(Provided records)
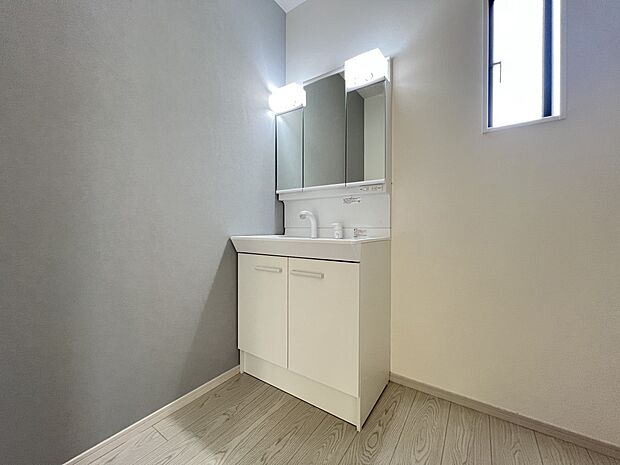【洗面台・洗面所】三面鏡仕様の洗面化粧台(3号棟)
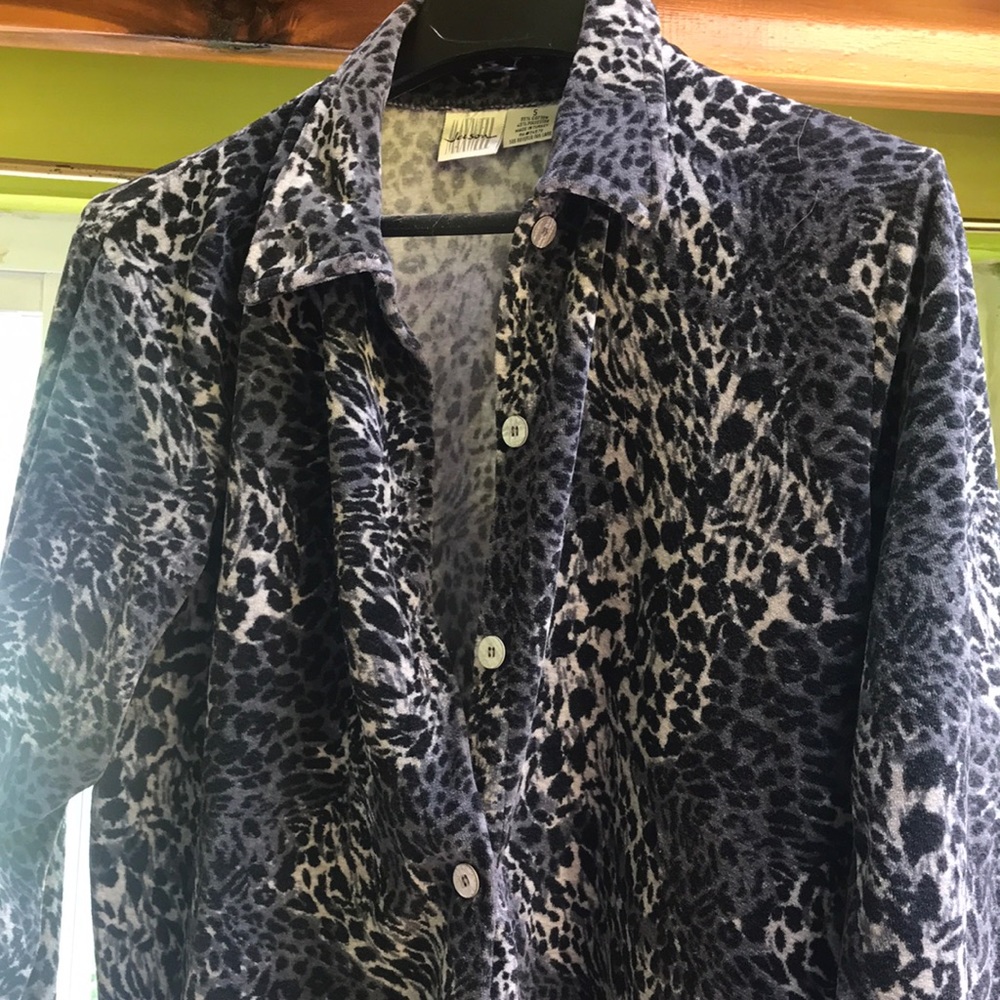 Velour/plush animal print buttoned shirt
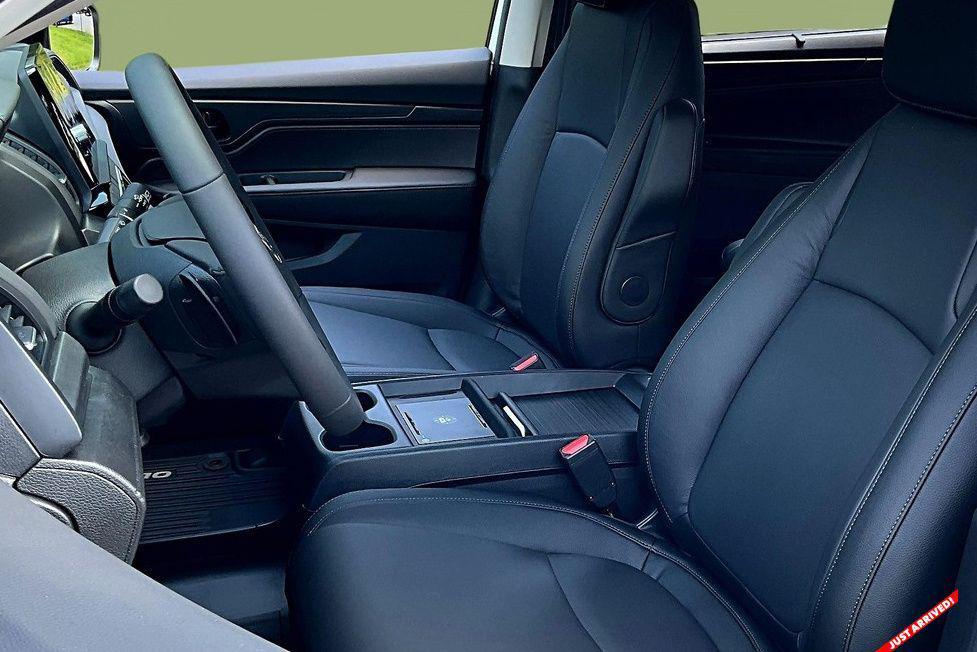 new 2026 Honda Odyssey car, priced at $44,745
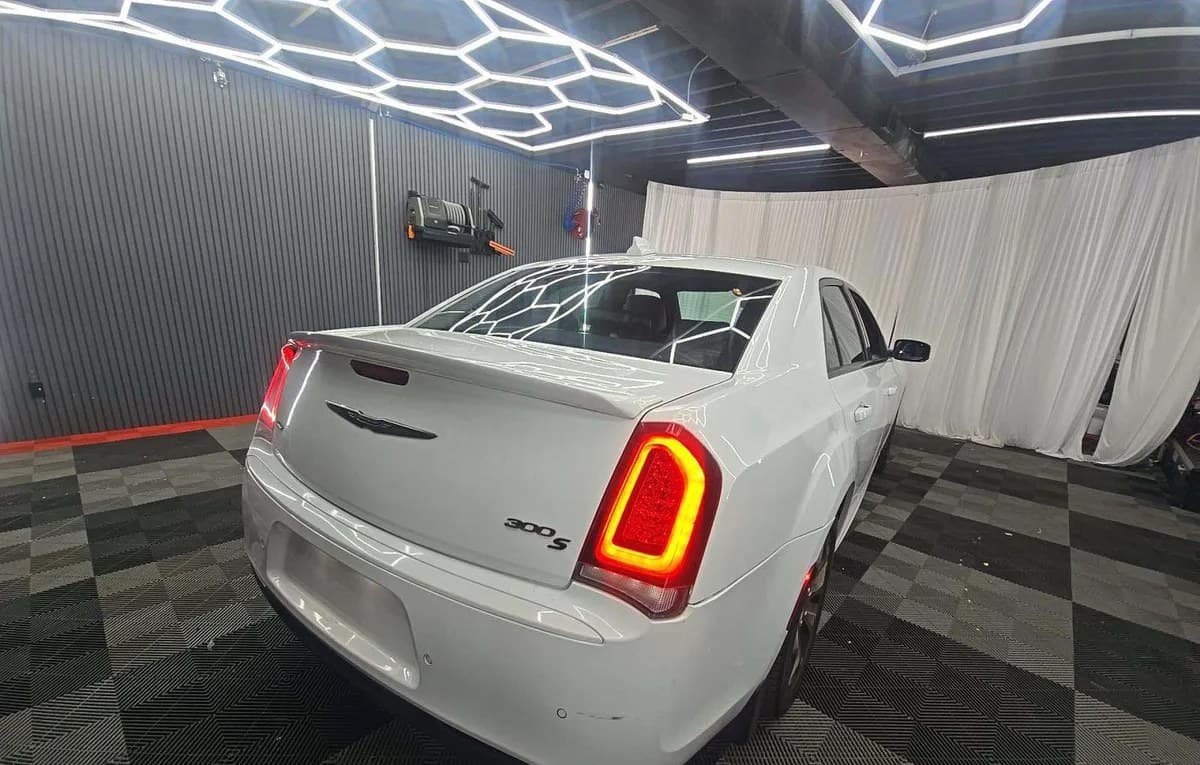 2017 CHRYSLER 300 S ALLOY Edition 4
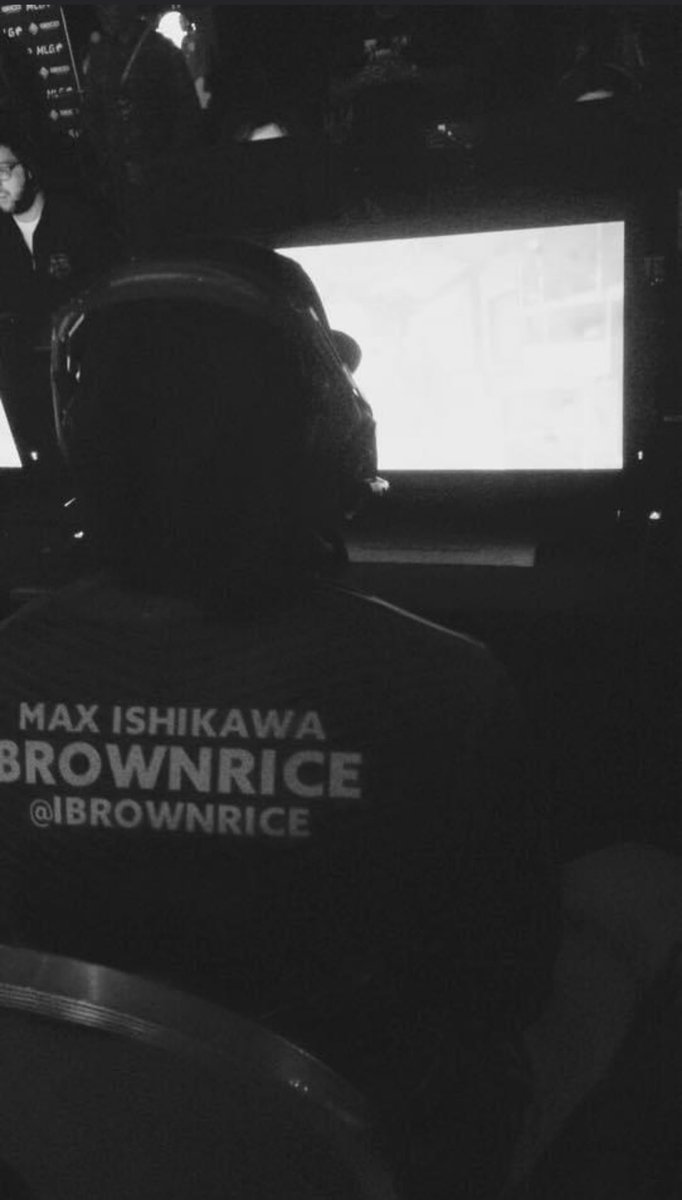 IBrownRice's tweet photo. 5 years ago… T32 run at #MLGVegas w Apache, AxenT_God &amp; @_Jmoney264 https://t.co/iiB28j8kdo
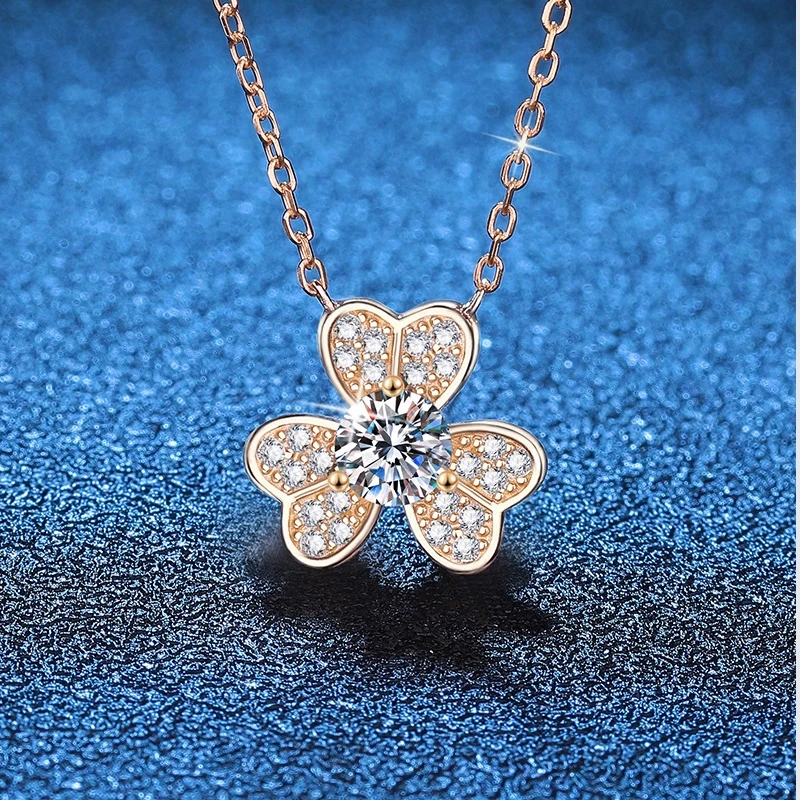 S925 pure silver necklace women's moissanite pendant Japanese and Korean light luxury clover silver pendant 50 points moissanite
S925 pure silver necklace women's moissanite pendant Japanese and Korean light luxury clover silver pendant 50 points moissanite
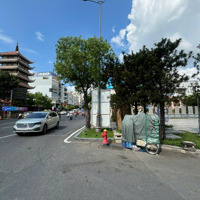 Bán Nhà Mtkd Đường Rạch Bùng Binh Q.3, Diện Tích: 3,7M X 14M Nh,Gpxd Cao Lầu,Hđt : 15 Triệu/Tháng. Giá Bán 14 Tỷ Tl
(End Provided records)
● **Task statement**: Repeat the full set of records exactly, and output no pictures.

● **Finished exercise**:
【洗面台・洗面所】三面鏡仕様の洗面化粧台(3号棟)
 Velour/plush animal print buttoned shirt
 new 2026 Honda Odyssey car, priced at $44,745
 2017 CHRYSLER 300 S ALLOY Edition 4
 IBrownRice's tweet photo. 5 years ago… T32 run at #MLGVegas w Apache, AxenT_God &amp; @_Jmoney264 https://t.co/iiB28j8kdo
 S925 pure silver necklace women's moissanite pendant Japanese and Korean light luxury clover silver pendant 50 points moissanite
S925 pure silver necklace women's moissanite pendant Japanese and Korean light luxury clover silver pendant 50 points moissanite
 Bán Nhà Mtkd Đường Rạch Bùng Binh Q.3, Diện Tích: 3,7M X 14M Nh,Gpxd Cao Lầu,Hđt : 15 Triệu/Tháng. Giá Bán 14 Tỷ Tl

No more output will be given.